-------- Data records --------
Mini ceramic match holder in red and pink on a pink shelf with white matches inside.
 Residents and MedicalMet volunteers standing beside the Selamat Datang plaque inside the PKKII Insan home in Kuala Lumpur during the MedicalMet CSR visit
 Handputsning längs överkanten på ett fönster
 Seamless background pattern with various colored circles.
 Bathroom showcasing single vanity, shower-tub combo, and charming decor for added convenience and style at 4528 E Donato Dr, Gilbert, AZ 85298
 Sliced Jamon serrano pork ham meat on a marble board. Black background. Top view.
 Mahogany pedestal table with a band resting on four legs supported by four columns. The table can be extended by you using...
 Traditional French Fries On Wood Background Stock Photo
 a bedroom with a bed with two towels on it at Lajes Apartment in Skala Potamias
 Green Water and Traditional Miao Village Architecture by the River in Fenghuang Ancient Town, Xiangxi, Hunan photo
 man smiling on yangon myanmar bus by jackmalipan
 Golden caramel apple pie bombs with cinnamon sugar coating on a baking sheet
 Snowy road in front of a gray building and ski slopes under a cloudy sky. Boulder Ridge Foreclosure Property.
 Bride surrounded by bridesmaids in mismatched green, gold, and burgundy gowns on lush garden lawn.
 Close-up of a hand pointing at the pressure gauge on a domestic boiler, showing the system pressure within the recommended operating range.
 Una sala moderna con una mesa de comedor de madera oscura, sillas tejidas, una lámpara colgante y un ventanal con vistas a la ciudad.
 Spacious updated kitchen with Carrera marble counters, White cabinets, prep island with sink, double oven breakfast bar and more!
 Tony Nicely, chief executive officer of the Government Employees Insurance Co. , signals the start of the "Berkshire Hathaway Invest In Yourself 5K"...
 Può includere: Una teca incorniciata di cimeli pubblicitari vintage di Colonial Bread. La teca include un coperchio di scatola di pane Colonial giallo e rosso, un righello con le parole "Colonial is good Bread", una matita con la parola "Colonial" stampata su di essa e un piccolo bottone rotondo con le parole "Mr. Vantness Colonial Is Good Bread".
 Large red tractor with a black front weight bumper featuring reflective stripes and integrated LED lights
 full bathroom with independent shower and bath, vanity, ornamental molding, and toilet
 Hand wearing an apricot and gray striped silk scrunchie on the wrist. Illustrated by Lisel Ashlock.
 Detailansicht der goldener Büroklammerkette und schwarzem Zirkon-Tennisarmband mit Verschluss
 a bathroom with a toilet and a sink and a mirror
--------
■ Your instructions ■
Copy all lines from the material that hold "vanity".

■ Exercise answer ■
 Bathroom showcasing single vanity, shower-tub combo, and charming decor for added convenience and style at 4528 E Donato Dr, Gilbert, AZ 85298
 full bathroom with independent shower and bath, vanity, ornamental molding, and toilet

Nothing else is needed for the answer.